* _EXERCISE_
A verbatim reproduction of the lines below, from the line containing "PUPA Milano Natural" through the line containing "ENGINE, PISTON AND CIGUEÑAL", both ends included, is the whole required output.

Data extracted from a collection:
= Beginning of Section =
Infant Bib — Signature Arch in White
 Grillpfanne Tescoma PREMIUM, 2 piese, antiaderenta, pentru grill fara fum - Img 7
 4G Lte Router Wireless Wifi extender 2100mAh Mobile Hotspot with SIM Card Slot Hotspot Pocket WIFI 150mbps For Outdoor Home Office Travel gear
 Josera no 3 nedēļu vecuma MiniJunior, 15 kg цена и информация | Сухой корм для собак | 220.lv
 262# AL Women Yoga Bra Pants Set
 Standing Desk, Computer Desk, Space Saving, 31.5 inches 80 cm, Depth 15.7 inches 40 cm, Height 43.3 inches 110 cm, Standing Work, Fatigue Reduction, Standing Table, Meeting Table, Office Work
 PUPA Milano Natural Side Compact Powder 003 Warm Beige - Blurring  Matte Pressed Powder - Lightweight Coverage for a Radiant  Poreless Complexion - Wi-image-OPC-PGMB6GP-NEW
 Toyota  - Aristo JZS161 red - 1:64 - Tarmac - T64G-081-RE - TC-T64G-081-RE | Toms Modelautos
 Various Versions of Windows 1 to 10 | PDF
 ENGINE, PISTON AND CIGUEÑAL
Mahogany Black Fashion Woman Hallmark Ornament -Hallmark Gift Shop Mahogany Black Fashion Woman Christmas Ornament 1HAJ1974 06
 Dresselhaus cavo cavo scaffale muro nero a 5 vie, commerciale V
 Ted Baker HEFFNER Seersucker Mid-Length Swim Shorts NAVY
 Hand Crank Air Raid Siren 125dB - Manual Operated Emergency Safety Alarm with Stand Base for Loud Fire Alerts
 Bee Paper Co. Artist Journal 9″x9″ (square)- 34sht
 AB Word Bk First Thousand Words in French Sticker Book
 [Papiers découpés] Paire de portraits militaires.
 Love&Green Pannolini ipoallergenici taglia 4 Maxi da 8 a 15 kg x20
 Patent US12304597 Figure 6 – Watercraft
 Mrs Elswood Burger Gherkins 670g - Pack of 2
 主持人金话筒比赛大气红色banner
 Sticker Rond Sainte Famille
= End of Section =
* _TASK RESULT_
 PUPA Milano Natural Side Compact Powder 003 Warm Beige - Blurring  Matte Pressed Powder - Lightweight Coverage for a Radiant  Poreless Complexion - Wi-image-OPC-PGMB6GP-NEW
 Toyota  - Aristo JZS161 red - 1:64 - Tarmac - T64G-081-RE - TC-T64G-081-RE | Toms Modelautos
 Various Versions of Windows 1 to 10 | PDF
 ENGINE, PISTON AND CIGUEÑAL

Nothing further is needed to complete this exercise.